Four months later, I receive rejection letter after rejection letter, each recounting how competitive the process had been and how many worthy applications they’d received and how hard the decision had been. (Rejection letters are written primarily to make the rejectORS feel better. I know because I’ve written a few of them myself.) All told, if we add up the hours I and my colleauges spent and value those hours at $10 an hour (a cut rate, for sure, but it rounds up easy) as well as the money we had to spend on copying and paper and ink and DVDs, etc – we spent about $4000 to apply for these things. This is four times the value of one of the grants and roughly equivalent to the other two. In pure economic terms, this was an enormous waste of time. Even if I’d GOTTEN the grants.
Scott’s been listening to a lot of economics lectures and podcasts lately and he told me about this one that discusses something called All Pay Auctions (a form of something called Rent Seeking.) Grants are essentially an All Pay Auction. The economist on the show illustrates this concept with his students by holding up a $20 bill and saying he’ll sell it to whomever makes the highest bid in cash in a sealed envelope. If I put $10 in the envelope and I’m the highest bidder, I get his $20. If I’m NOT the highest bidder, I lose my $10. Everyone in the class (save the highest bidder) loses their bids. The teacher meanwhile has collected quite a lot and made a tidy profit on his $20 (or else he gets rid of the bids and all the money’s lost.) Munger points out that Grant Seeking is essentially the same proposition. Writing an arts grant means an artist puts $4000 of resources into an envelope which then gets shredded and pulped. We’re hoping we’re going to get $4000 back – but the chances are slim.
Now, what’s in the envelope in this case is not money (directly) but answers to questions, resumes, work samples, etc.
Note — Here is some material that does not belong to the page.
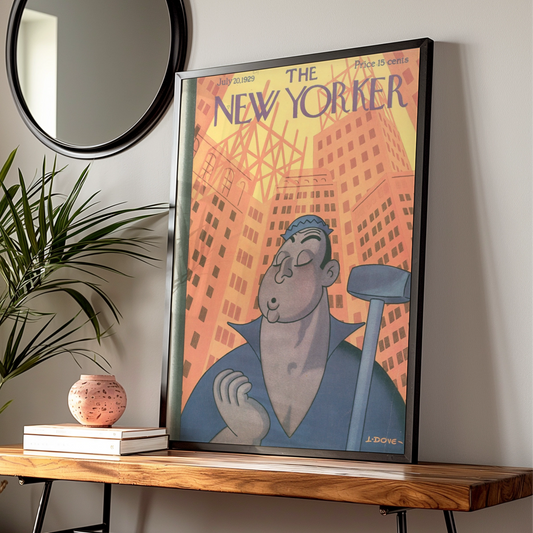 The New Yorker July 1929 Cover Art Poster, Art Deco Construction Worker NYC Print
Those making grants would likely say that they are choosing the best work – that the bids in this auction are about quality, not quantity. However, if we look at who receives grants, it’s clear that not ONLY good work rises to the top of this auction pile. Is everything we see that has received fat grants good? I think not. Sometimes it’s quite the opposite. Are the shows of mine that received grants BETTER than the those that didn’t? Not by a long shot. Very often the criteria for who receives a grant is based on some perception of public good or the possibility that the project will benefit the granting organization in some way or even the amount of resources that a company or individual had to complete the application. We can therefore say, in effect, to the society as a whole (and maybe even to those giving the money) it doesn’t really matter who gets the money. And as Roberts and Munger point out, a competition wherein it doesn’t really matter who wins has not only become meaningless but is an enormous waste of resources.
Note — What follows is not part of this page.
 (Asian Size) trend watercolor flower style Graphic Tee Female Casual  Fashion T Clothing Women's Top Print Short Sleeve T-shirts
Munger and Roberts point to some situations when this sort of competition (Rent Seeking) can work. For example, when there’s an attempt to create a new technology or other things where advancement will benefit society as a whole. They mention the NBA, wherein all the competition (resources are lost by those that don’t get there) improves the quality of the game as a whole. In the realm of the arts, however, there is no societal benefit to grant writing. Artists writing grants don’t improve Art; they improve grant writing. Every hour I spend writing a grant only makes me a little better at grant writing, which has nothing to do with my art. In fact, it makes my art worse, because I’ve lost all those resources (time, time, time, especially time) that I could have spent making my art. Also, in an attempt to get this grant, I might change my art to make it more attractive to grant makers. I might try to be more what grant makers are interested in – which, in my experience, is not the same as better art. It also makes my art worse in that delicate balance of confidence that is a crucial part of making the work. Getting a grant can seem like a vote of confidence from the world – a “yes – you-are-worthy” sort of thing. This gives me a boost, sure, for a minute – but more likely, it just gives me a little check which is only a drop in the bucket in terms of the money I need to make my work. (Almost no grant makers are willing to be the sole funder for something.) Not getting the grant can feel like a slap in the face, like the world saying “Why do you bother?” In the wrong moment, that might be enough to stop me from moving forward.
All this makes me wonder about what I’m going to do the next time I hear about a grant I’m eligible for. Will I spend $4000 in resources to get $1000? I’d rather not. I’m just not sure what my other options might be. Let’s bust this system OPEN artists! Ideas? We’re creative people, right?